Note: This article is over a year old and information contained in it may no longer be accurate. Please use the contact information in the lower-left corner to verify any information in this article.

Avatar robots to the rescue

By Mara Kumagai Fink '11
September 28, 2010

Adam Gettings '04 (right) has demonstrated his Avatar robot to Vice President Joseph Biden.

Adam Gettings '04 makes his living building robots — but they aren’t the ones you played with as a kid. These robots are joining the ranks of SWAT teams in California and earning their keep getting thrown through windows and being driven into buildings with hostage situations.

Gettings co-founded his company, RoboteX, after meeting former Dreamworks Art Director Terry Izumi, who suggested that they figure out a way to make robots to help save soldier’s lives in Afghanistan and Iraq. Gettings, along with his brother Nathan, formerly a leader at PayPal, and Yu Pan, the founding engineer at PayPal and YouTube, took the idea and ran. “We started out by building crazy concepts that got us a lot of attention, like robots with machine guns attached to the top. We could get meetings with anyone,” he says.

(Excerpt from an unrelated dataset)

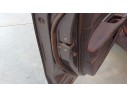 CERRADURA PUERTA DELANTERA IZQUIERDA 69040F4020 69040F4020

After catching the attention of Silicon Valley leaders, they found that what was most compelling to people were safety robots. Gettings and his brother created and trademarked the “Avatar” robot that was designed for commercial safety purposes. The first police station to fully integrate the robot into everyday routines was the Oakland Police Department.

“The robot is a phenomenal tool,” says Sergeant of Police for the Oakland Police Department Shawn Knight. “It’s only a matter of time before we see documentation of the robot saving an officer’s life.”

Avatar being deployed by Oakland SWAT. “It’s only a matter of time before we see documentation of the robot saving an officer’s life," says Police Sergeant Shawn Knight.

The Oakland Police Department sends robots in before officers in order to clear buildings and ensure that no one inside is armed. They can also be used in hostage situations because they have microphones to allow police to reason with the suspect without having to enter the building. Additionally, the robots are equipped with video cameras that can record what happens inside the building. If the suspect does something illegal, the tape can be used as evidence.

Affordable lifesaver
Knight believes that every police department should have two or three robots. “We lost several officers a couple of years ago, and having a robot would have given us another tool so we knew that the armed suspect was in there waiting for us. I’m almost 100 percent sure that the deaths wouldn’t have happened if we would have had a robot,” he says.

Gettings says that since they are affordable and can be programmed for many different uses, police aren’t the only group interested in these robots.  Fire stations have also begun to use them to assess the risk of sending firefighters into unstable buildings and to search for victims still trapped inside.

Next year, Gettings plans to have the robot available for university security contingents to use in case of bomb threats. Soon, he hopes to have platforms for universities to give virtual tours to students who cannot visit campus and robots to investigate gas pipeline leaks. RoboteX plans to go global in Asia, Europe, and the Middle East next year.